# American wants to relocate



## kmeng1 (Feb 14, 2012)

Hey everyone,

I have just signed up for the forum. Come summer time I will be a college grad. My degree will be in the humanities. I was wondering if New Zealand's immigration policy was open to young college graduates or if they were preferable to older people with work experience. I have gone to the immigration section of the NZ website and have found useful information. I scored 100 points on the quick check point test they gave to test qualifications mainly because I will have a bachelors degree. Is it a prudent decision to move there ? I understand the people are friendly and the country is beautiful. I just would want to know if I have the opportunity to work.

Edit: Why is it showing a NZ flag? in the registration I only stated that I wanted to move to NZ. Is there a way to fix this?


----------



## topcat83 (Apr 16, 2009)

kmeng1 said:


> Hey everyone,
> 
> I have just signed up for the forum. Come summer time I will be a college grad. My degree will be in the humanities.
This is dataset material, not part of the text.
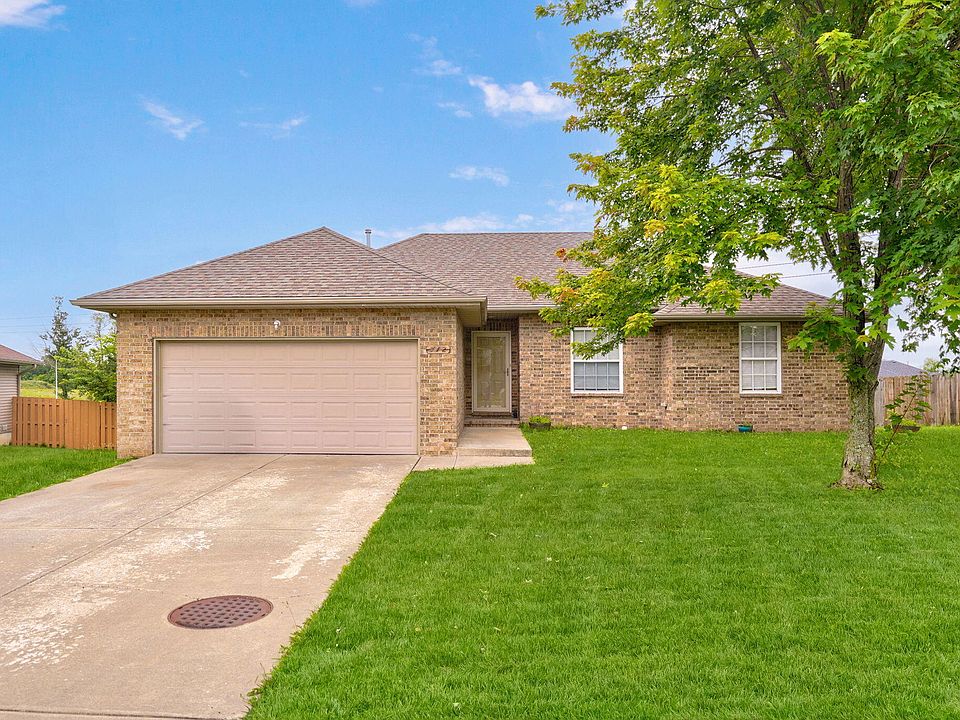1st image of 772 S Hackberry Avenue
I was wondering if New Zealand's immigration policy was open to young college graduates or if they were preferable to older people with work experience. I have gone to the immigration section of the NZ website and have found useful information. I scored 100 points on the quick check point test they gave to test qualifications mainly because I will have a bachelors degree. Is it a prudent decision to move there ? I understand the people are friendly and the country is beautiful. I just would want to know if I have the opportunity to work.
> 
> Edit: Why is it showing a NZ flag? in the registration I only stated that I wanted to move to NZ. Is there a way to fix this?


Hi there
I'm afraid that with 100 points it is very unlikely that your expression of interest would be selected. You will need some experience in an industry where we have a skill shortage in order to build up your points. 

And you have a NZ flag because that's where you said you were interested in emigrating to! You can change it if you go to your user control panel (see 'User CP' at the top of the forum)


----------